* _Stored dataset items_
▶

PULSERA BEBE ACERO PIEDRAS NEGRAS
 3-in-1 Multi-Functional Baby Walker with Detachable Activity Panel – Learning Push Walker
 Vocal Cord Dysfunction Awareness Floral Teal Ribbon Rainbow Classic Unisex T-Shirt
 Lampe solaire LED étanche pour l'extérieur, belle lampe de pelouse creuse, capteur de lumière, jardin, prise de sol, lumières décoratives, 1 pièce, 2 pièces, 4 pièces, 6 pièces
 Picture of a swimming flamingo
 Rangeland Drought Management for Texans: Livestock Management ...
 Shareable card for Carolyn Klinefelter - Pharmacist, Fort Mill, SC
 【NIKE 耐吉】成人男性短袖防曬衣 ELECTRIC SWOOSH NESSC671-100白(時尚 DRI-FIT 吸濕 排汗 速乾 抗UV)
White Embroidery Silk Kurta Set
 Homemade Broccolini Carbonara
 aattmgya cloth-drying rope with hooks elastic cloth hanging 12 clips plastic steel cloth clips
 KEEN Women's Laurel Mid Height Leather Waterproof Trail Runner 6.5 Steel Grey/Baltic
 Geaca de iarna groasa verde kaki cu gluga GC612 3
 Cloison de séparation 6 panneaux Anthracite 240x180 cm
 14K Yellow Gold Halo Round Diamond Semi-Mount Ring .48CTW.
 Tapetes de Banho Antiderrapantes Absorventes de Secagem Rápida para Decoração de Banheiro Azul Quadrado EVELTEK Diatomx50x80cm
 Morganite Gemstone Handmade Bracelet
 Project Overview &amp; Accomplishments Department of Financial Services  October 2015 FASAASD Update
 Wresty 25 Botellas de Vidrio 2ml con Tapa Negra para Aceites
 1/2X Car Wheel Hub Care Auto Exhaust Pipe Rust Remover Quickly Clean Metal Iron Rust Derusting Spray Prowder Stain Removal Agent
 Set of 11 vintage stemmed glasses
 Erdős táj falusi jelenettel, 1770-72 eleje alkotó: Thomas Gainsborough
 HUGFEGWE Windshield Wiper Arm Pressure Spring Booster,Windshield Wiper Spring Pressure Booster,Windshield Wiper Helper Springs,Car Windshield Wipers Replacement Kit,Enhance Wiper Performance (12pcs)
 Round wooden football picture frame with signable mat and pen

◀

* _How to complete this task_
Lines from the one that contains "14K Yellow Gold" through the final line of the entries must be duplicated exactly, and no other lines.

* _Your response_
 14K Yellow Gold Halo Round Diamond Semi-Mount Ring .48CTW.
 Tapetes de Banho Antiderrapantes Absorventes de Secagem Rápida para Decoração de Banheiro Azul Quadrado EVELTEK Diatomx50x80cm
 Morganite Gemstone Handmade Bracelet
 Project Overview &amp; Accomplishments Department of Financial Services  October 2015 FASAASD Update
 Wresty 25 Botellas de Vidrio 2ml con Tapa Negra para Aceites
 1/2X Car Wheel Hub Care Auto Exhaust Pipe Rust Remover Quickly Clean Metal Iron Rust Derusting Spray Prowder Stain Removal Agent
 Set of 11 vintage stemmed glasses
 Erdős táj falusi jelenettel, 1770-72 eleje alkotó: Thomas Gainsborough
 HUGFEGWE Windshield Wiper Arm Pressure Spring Booster,Windshield Wiper Spring Pressure Booster,Windshield Wiper Helper Springs,Car Windshield Wipers Replacement Kit,Enhance Wiper Performance (12pcs)
 Round wooden football picture frame with signable mat and pen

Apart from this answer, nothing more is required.